Speaking of personal experiences, did looking through archive footage for the film bring back any special memories?
We happened upon some colour material of New Brighton. I remember going over there on the ferry, either with my family or with friends and their parents, for days out. That released a flood of memory, so the narration there was completely inspired by looking at that colour footage. Other times I asked for specific footage, for example, of Quare Times winning the Grand National in 1955. My sister Maisie was the first in our family to get married. In those days you couldn’t afford a place so you moved in with your in-laws, so she and her husband George lived in the two top rooms of our house. George had bought a little radio and we all gathered round and listened to the race on that. My mother had a little bet and won five shillings, and that gave me enormous pleasure.
Although it is a very personal film, its appeal is still very broad.
I tried to be as truthful as possible to my experience. And I think if you’re true to your subject, people recognise that. You don’t have to be Austrian to love Schubert, or Russian to love Chekhov – they’re true to what they felt and what they experienced. And I think audiences respond to that, but it’s a subliminal response. And what Of Time And The City seems to have done is to have pricked everyone’s memories of when they grew up and their town. And it’s done this all over the world, which is completely amazing.
You must be delighted with the film’s reception since it screened at Cannes.
Yes, but it’s come as a huge shock! It was made for a modest £250,000 – 157 people applied for that money and, to be honest with you, I thought, ‘Why would they give money to someone who’s never done a documentary before?’ But lo and behold they did! Our aims were modest too, so when it took off it came as a surprise to us all. Now eighty-seven film festivals want it!

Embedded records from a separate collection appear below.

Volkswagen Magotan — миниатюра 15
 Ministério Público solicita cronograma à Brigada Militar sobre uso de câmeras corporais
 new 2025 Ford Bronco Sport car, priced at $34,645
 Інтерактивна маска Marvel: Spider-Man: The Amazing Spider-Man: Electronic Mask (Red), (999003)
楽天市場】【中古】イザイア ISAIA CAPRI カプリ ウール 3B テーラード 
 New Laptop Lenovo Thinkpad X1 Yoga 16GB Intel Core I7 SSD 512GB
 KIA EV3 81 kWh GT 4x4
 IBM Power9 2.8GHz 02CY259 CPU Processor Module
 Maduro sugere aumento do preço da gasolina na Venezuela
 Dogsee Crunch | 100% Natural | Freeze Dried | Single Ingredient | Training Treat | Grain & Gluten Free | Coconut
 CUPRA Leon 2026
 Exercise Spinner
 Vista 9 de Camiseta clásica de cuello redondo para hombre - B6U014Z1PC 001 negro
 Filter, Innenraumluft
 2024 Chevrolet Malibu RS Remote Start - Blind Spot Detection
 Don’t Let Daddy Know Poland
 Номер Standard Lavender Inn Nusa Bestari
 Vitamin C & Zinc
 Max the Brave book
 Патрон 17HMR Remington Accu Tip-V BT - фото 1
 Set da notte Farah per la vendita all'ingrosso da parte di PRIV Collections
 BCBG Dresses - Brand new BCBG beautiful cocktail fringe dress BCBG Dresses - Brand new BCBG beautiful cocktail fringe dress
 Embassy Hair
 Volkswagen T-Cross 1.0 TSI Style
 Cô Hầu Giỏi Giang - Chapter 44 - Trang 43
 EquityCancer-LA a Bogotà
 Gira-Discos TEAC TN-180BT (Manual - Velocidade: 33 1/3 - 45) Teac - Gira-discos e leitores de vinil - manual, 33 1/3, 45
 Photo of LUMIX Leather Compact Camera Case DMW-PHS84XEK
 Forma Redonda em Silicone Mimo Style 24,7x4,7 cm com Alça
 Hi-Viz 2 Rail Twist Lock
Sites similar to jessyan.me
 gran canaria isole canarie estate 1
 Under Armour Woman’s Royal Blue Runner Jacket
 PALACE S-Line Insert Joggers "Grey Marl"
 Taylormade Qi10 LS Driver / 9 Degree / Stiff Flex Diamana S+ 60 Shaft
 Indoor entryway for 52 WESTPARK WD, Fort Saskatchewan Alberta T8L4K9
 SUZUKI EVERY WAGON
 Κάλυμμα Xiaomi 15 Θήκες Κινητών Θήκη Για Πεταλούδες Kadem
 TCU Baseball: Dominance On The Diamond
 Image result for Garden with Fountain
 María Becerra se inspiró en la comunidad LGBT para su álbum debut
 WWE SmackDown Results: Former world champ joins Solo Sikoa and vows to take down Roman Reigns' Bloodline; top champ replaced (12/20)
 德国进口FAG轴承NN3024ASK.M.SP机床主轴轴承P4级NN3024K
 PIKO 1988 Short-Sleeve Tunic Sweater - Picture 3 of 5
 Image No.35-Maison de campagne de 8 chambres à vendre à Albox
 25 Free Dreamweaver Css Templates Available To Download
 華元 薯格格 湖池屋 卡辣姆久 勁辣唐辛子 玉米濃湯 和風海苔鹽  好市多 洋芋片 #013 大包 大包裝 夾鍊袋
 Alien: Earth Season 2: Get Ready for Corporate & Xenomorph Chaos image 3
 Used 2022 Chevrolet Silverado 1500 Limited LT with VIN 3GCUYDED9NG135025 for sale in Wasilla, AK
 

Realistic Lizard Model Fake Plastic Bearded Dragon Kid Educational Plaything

What does that mean for future projects?
This film is my final farewell to Liverpool. The city I knew is a land of the imagination now. I won’t make any more films there. That time has gone. But I already have two scripts finished, one’s a romantic comedy, and the other’s based on a Scottish novel called Sunset Song by Lewis Grassic Gibbon. And I’m also working on a script based on a book by Ed McBain. Making films has been my raison d’être, but it’s a collaborative effort, it costs a lot of money, and you’ve got to persuade other people to give you their money, and then you have a moral responsibility to that money. It’s always difficult. It would be nice to have one experience where it’s completely easy from beginning to end, that would be lovely. Then I’d never complain again!
Of Time And The City is in UK cinemas now. It will also screen at the Turin Film Festival on 26 November 2008.